== Collected data ==

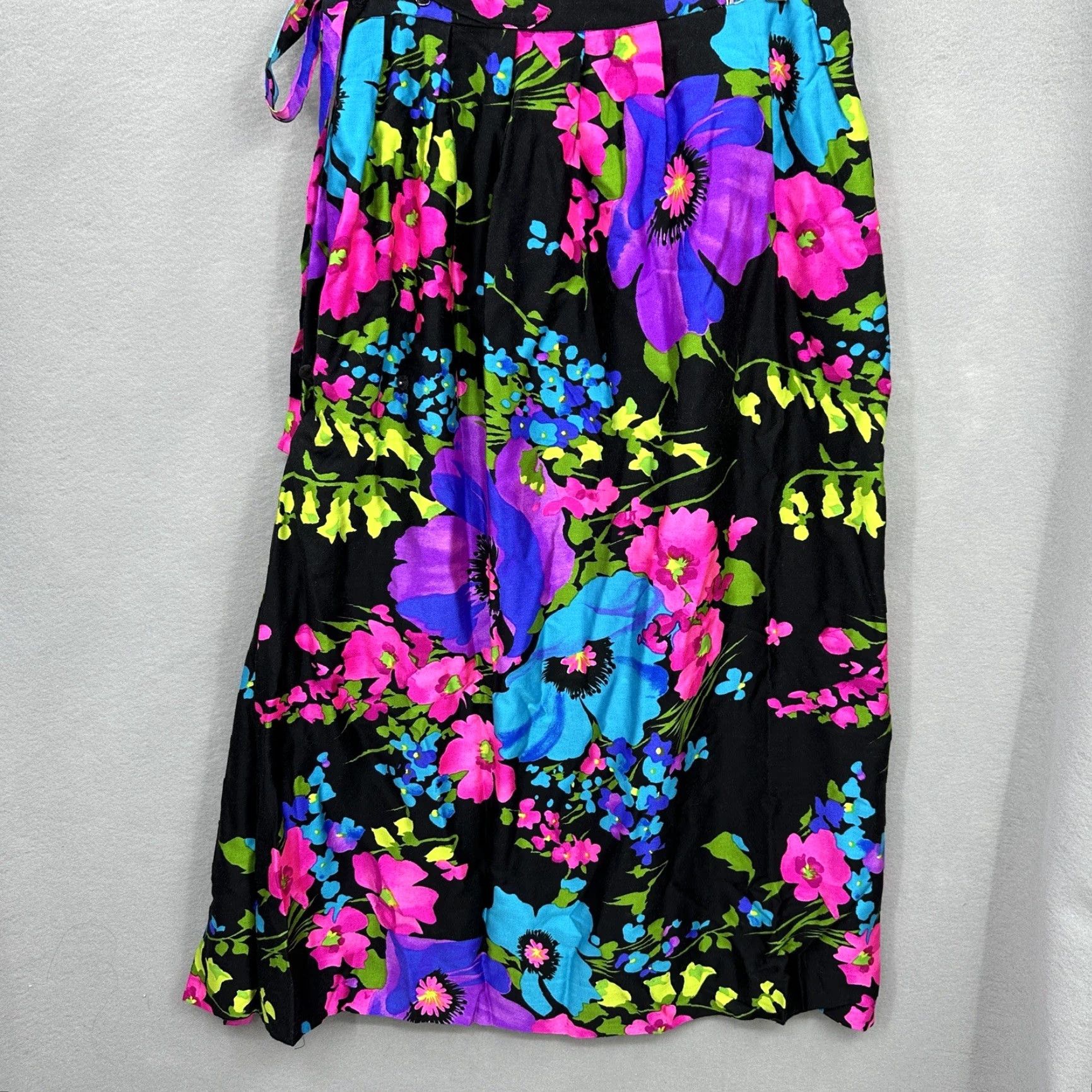Vintage VINTAGE Leslie Fay Skirt Women Long Maxi 60s 70s Floral Black Button Wrap L Womens Size 36" / US 14 / IT 50 - 7 Thumbnail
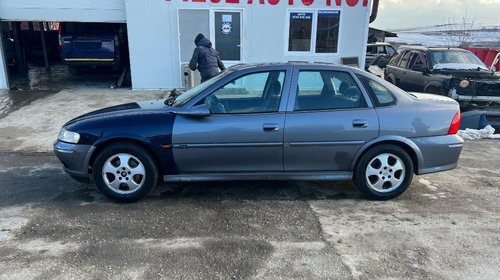 Praguri Opel Vectra B 2001 limuzina 1,8 benzina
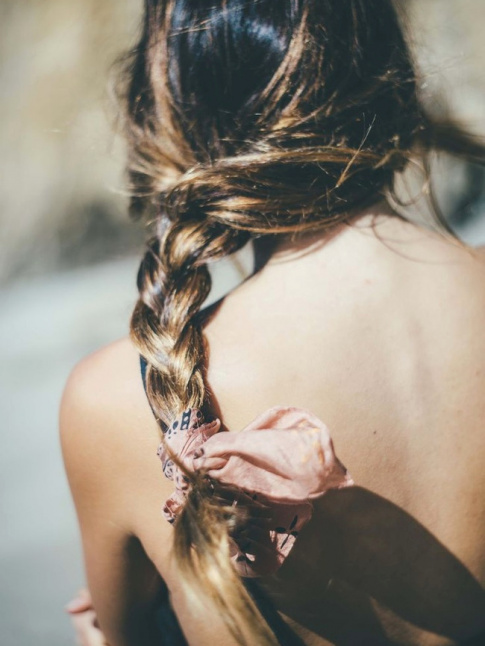 Oui au bandana en soie utilis en guise de noeud  cheveux !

===

• [The task] Reproduce the whole listing above word for word, dropping each image.

• [Exercise output]
Vintage VINTAGE Leslie Fay Skirt Women Long Maxi 60s 70s Floral Black Button Wrap L Womens Size 36" / US 14 / IT 50 - 7 Thumbnail
 Praguri Opel Vectra B 2001 limuzina 1,8 benzina
 Oui au bandana en soie utilis en guise de noeud  cheveux !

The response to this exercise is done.